O caso da JMT explica-se muito facilmente. Trata-se de uma empresa que estava sobrevalorizada porque havia a expetativa de que a Polónia era a galinha dos ovos de oiro e que a gerência da JMT era uma espécie de administração "Steve Jobs" das mercearias. É certo que os do Pingo Doce acertaram no joaninha (Biedronka) na Polónia e beneficiaram do facto de a concorrência se manter demasiado tempo agarrada a modelos errados. Também os ajudou o facto de o Alexandre Soares dos Santos aparecer na televisão a dar-se ares de grande conhecedor do mundo dos negócios e intrépido defendor das virtudes do self made man que ele nunca foi. Foi assim que, no ano passado, a JMT chegou a valer em bolsa mais de 7000 milhões de euros, ao passo que a Sonae (para usar como comparação uma empresa com um ramo de negócio similar) não passava dos 2000 milhões.
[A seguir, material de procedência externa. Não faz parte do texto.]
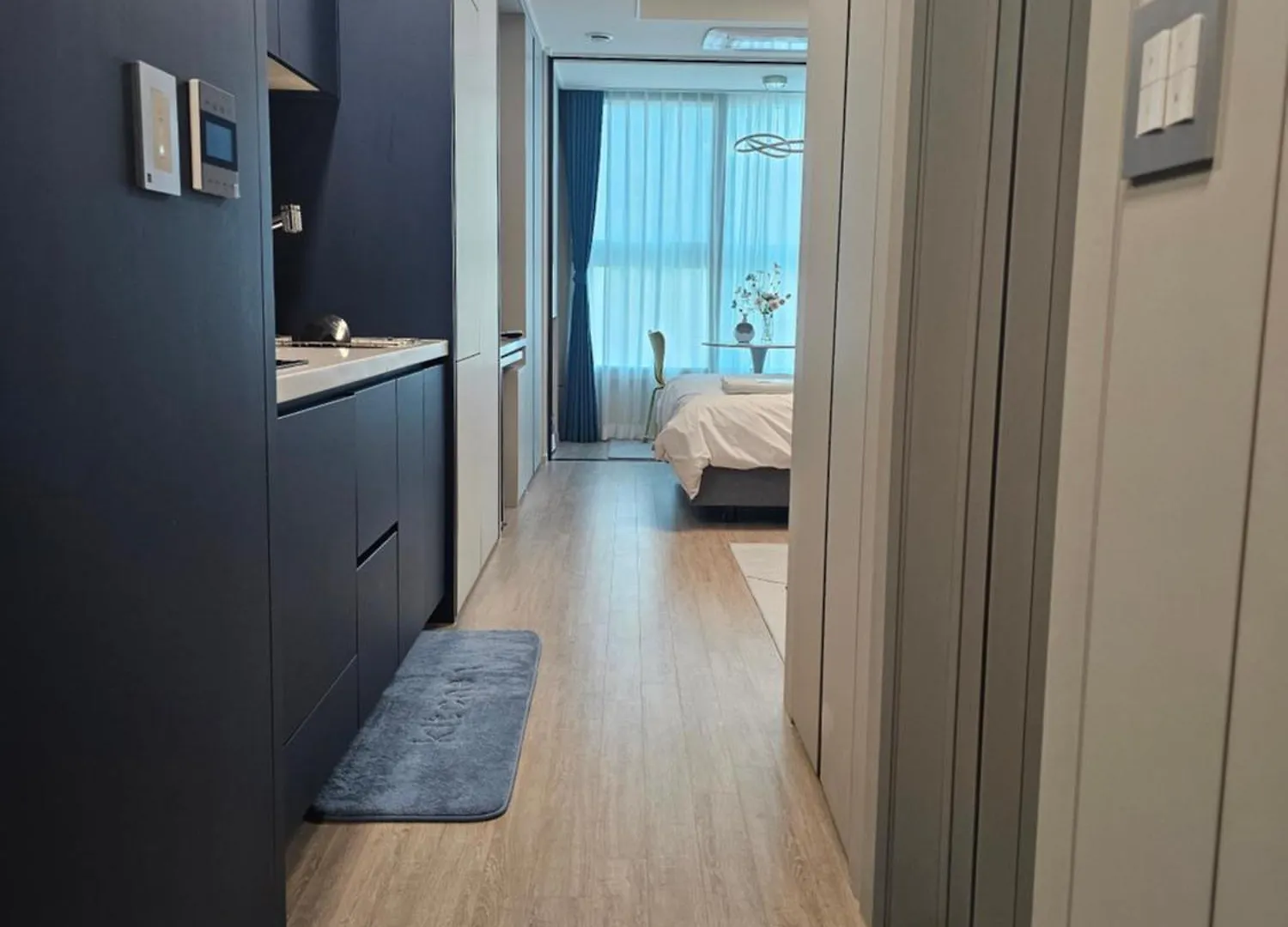Happy Harbor House Stay, Incheon Airport, Wolmido, Incheon Chinatown, New Full-Option, Sangsang Platform, Yeonan Pier, Fairy Tale Village Aparthotel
Argumentava-se que a Sonae tinha um dívida maior e resultados mais baixos, mas, caramba, a Sonae não tem só supermercados e é muito mais internacionalizada. Daí que a queda da JMT só seja estranha a quem anda na bolsa a dormir ou por ver andar os outros. Quando as dificuldades apareceram e veio ao de cima a tremenda concorrência que existe no negócio da distribuição (veja-se o que acontece em cada uma das nossas cidades), começou por esvaziar o balão das expetativas e deu-se o ajuste à realidade, para logo em seguida começar a encher o balão do "isto é uma porcaria sem fim" que vai continuar a empurrar a cotação da Jerónimo em direção a novos mínimos.
O BES e a PTC são dois casos diferentes e deles já aqui falamos abundantemente. Tanto uma empresa como a outra foram alvo de saque a uma escala que só é possível em países sem estaleca como é o nosso. Foram dois roubos como não houve outros na épica história lusa. Quem foram os estarolas que se abarbataram com o pilim não vos posso aqui revelar (eu não fui) porque ao contrário deles ainda arranjo de ir preso, mas tomem nota disto que vos dizemos porque não haverá quem vos seja tão franco: foi tudo roubado e nada do que se passou foi incompetência ou inocência. Se analisarem como se resolveu a cena do BES Angola, vão perceber como este país foi e continua a ser saqueado por um comando de engravatados. Vão perceber por que motivo cada um de nós pode lutar o que quiser, estar tão preparado quanto é possível e agarrar todas as oportunidades que lhe apareça pela frente que, mesmo assim, a ganhar ordenados jamais sairá da cepa torta. Se se informarem sobre a forma como se desfez a PTC, vão compreender por que motivo os nossos filhos vão ter que emigrar para se safarem e a nós vão-nos continuar a castigar com a ameaça de corte nos salários, despedimento, bancarrota. A queda do PSI20 não é provocada por uma guerra insana como na Rússia, nem pelo gosto pela boa vida dos gregos. Nós somos um povo pacato, o mais deprimido e triste da Europa. Estamos dispostos a trabalhar à bruta por um ordenado de miséria e ouvimos as cantigas que põem a tocar no telejornal como se fossem cantigas de amigo. E assim entretidos e conformados vamos sendo roubados de uma forma que não existe em mais lado nenhum do ocidente. A queda do PSI20 foi provocada pelo roubo. E eu, em 20 anos que levo de bolsa, nunca tinha visto um índice que caísse tanto, nos países ocidentais, por causa de larápios!